Examining Potential Environmental Triggers of TTP in the Mouse
Another advantage to using mouse models to study the pathophysiology of human disease is the ability to manipulate the environment to investigate potential disease triggers. In the case of TTP, endothelial injury has long been postulated to play a role in disease pathogenesis. Furthermore, the clinical presentation of TTP can be very similar to a closely-related thrombotic microangiopathy referred to as the hemolytic-uremic syndrome (HUS). Most cases of acquired HUS are caused by infection with strains of bacteria (typically E Coli O1:H157 in North America) that elaborate shigatoxins (Stx), substances known to be toxic to endothelial cells. Therefore we investigated the effect of Stx in the ADAMTS13-deficient mice on the TTP-sensitive genetic background and their wild-type littermate controls (Adamts13/ CASA–/– and Adamts13/CASA+/+). Interestingly, Stx induced findings consistent with TTP in the Adamts13/CASA–/– mice similar to those described above (but not in the controls), including variable degrees of thrombocytopenia, microangiopathic hemolytic anemia (Figure 1B), and vWF-rich/fibrin-poor hyaline thrombi in the brain, heart, and kidneys (nearly identical to those shown in Figure 2). Furthermore, these findings were not observed with Stx challenge of our original ADAMTS13-deficient mice on the mixed C57BL/6 and 129x1/Sv background, demonstrating again the importance of genetic modifying factors in this model animal system.

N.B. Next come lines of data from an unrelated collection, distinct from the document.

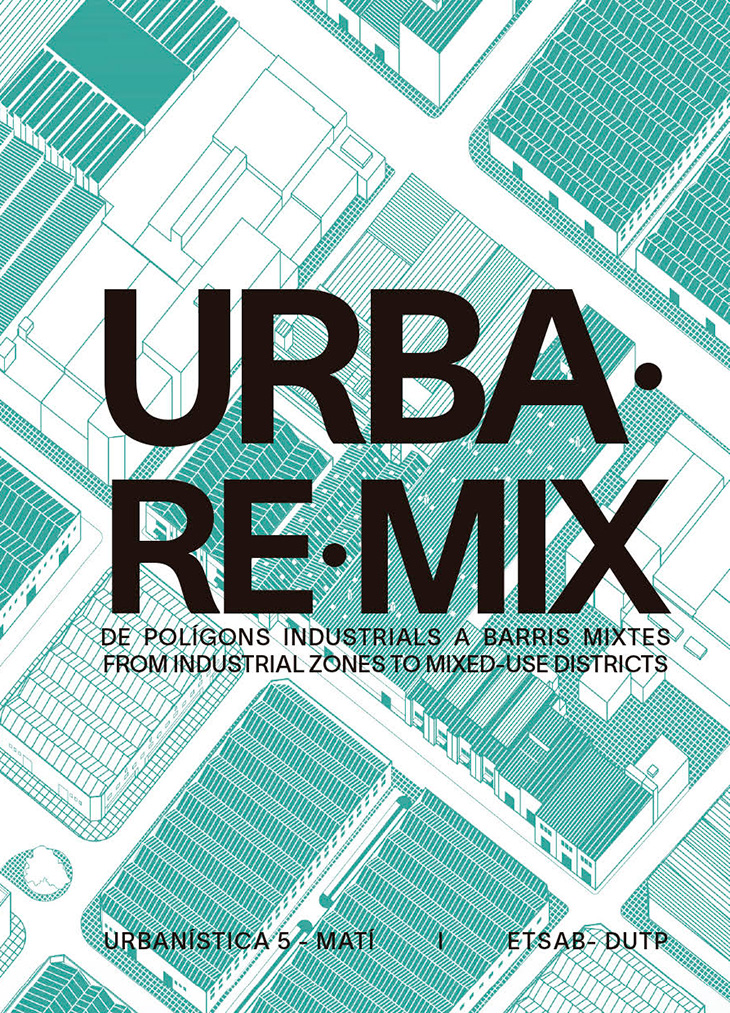 URBA-RE-MIX : de polígons industrials a barris mixtes = from industrial zones to mixed-use districts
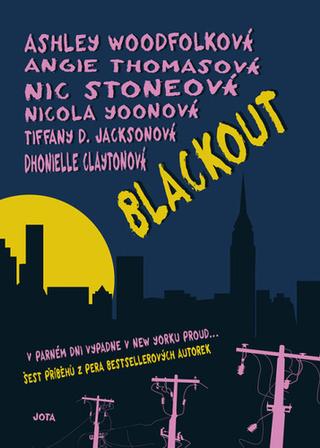 Kniha: Blackout - V parném dni vypadne v New Yorku proud ... - 1. vydanie - Dhonielle Clayton; Tiffany D. Jackson; Nic Stone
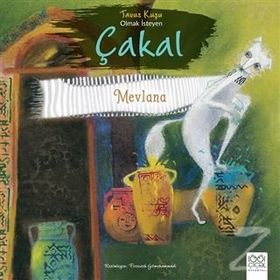 Tavus Kuşu Olmak İsteyen Çakal - mevlana celalettin rumi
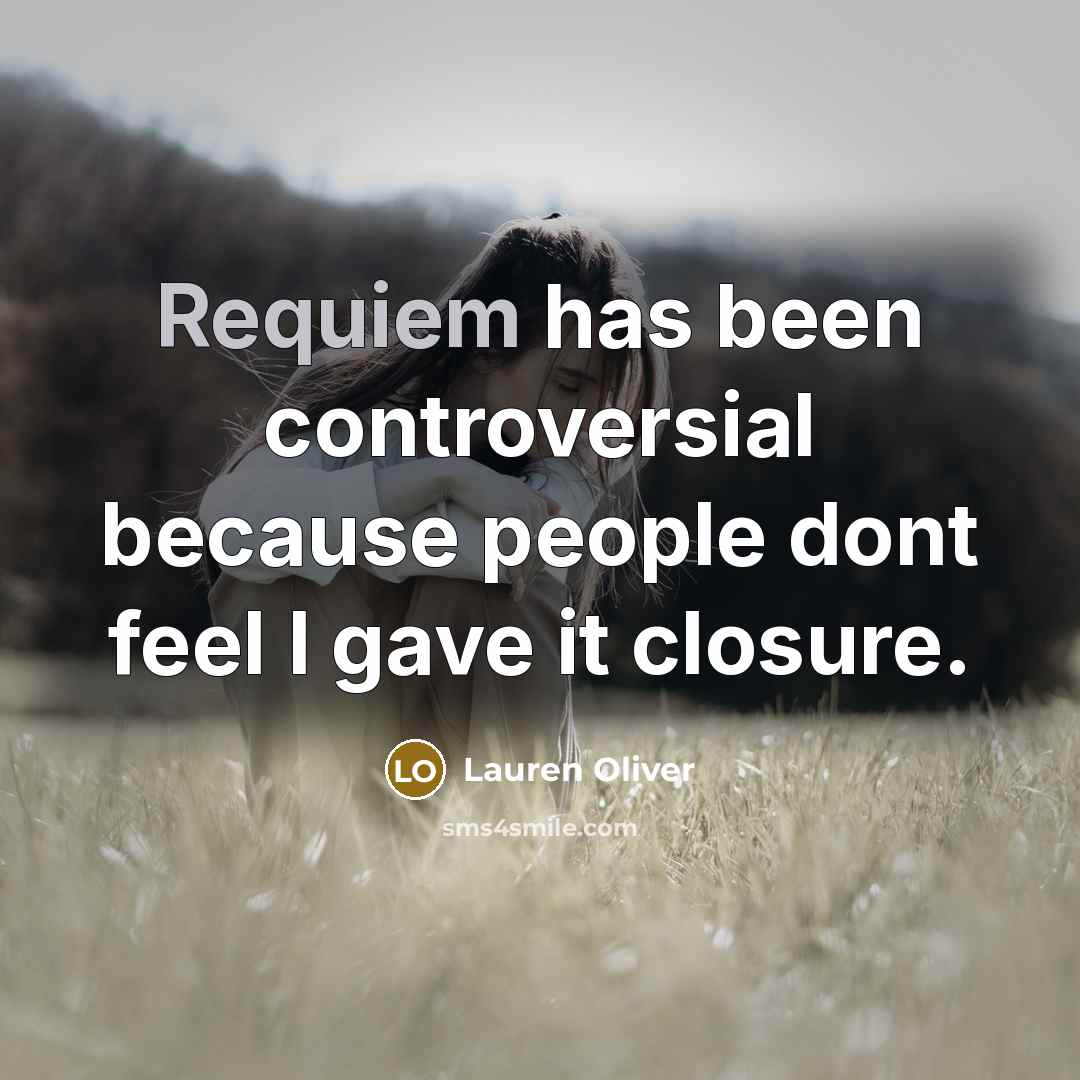 “Requiem has been controversial because people dont feel I gave…” quote by Lauren Oliver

Does vWF Level Affect TTP Pathogenesis in the Mouse?
To address the hypothesis that an increase in plasma vWF level was responsible for the heightened susceptibility of the Adamts13/CASA–/– mice to TTP pathogenesis, we first measured plasma vWF level in these mice, which was found to be increased 50% on average over that of the original ADAMTS13-deficient mice on the mixed C57BL/6 and 129x1/Sv background. However, because the Adamts13/CASA–/– mice had undergone only 2 generations of matings with wild-type CASA/Rk mice, they were expected to exhibit a wide range of vWF levels, as any individual mouse would have inherited a random combination of vWF-regulating factors from either the original C57BL/6 and 129x1/Sv background, or from the new CASA/Rk background. Indeed this was the case as vWF values of individual Adamts13/CASA–/– mice ranged from 200% to 600% compared with wild-type C57BL/6 mice. We next hypothesized that this variability could be used to investigate whether increased plasma vWF level affects TTP pathogenesis, as the mice that inherited the highest vWF levels would be expected to demonstrate the greatest response to Stx, whereas those that inherited the lowest levels would be expected to respond poorly to Stx or not at all. Surprisingly, however, we found no correlation between plasma vWF level and degree of Stx-induced thrombocytopenia or mortality. These findings demonstrated that elevated plasma vWF (possibly above a required threshold level) is not a risk factor for TTP in this model system, and that other genetic modifying factors gained or lost as a result of the CASA/Rk cross likely are responsible for the TTP susceptibility of the Adamts13/CASA–/– mice.
A Mouse Model of Acquired TTP?
Our discussion thus far has focused on mouse models of familial Adamts13 deficiency. Investigators have also used mice to investigate the function of anti-ADAMTS13 antibodies in a mouse model.46 Using intravital microscopy, Adamts13+/+ mice (on the non-TTP susceptible genetic background) receiving an injection of polyclonal rabbit anti-human ADAMTS13 antisera demonstrated significantly prolonged vWF-mediated platelet-endothelial interactions, similar to control Adamts13–/– mice not receiving antisera. Thus the anti-ADAMTS13 antisera was able to induce functional ADAMTS13 deficiency, possibly in a manner similar to humans with acquired TTP. Although the antibodies used in these experiments were not isolated from a patient with acquired TTP, these experiments demonstrated that antibody-mediated inhibition of ADAMTS13 in the mouse could possibly be used to model this form of TTP.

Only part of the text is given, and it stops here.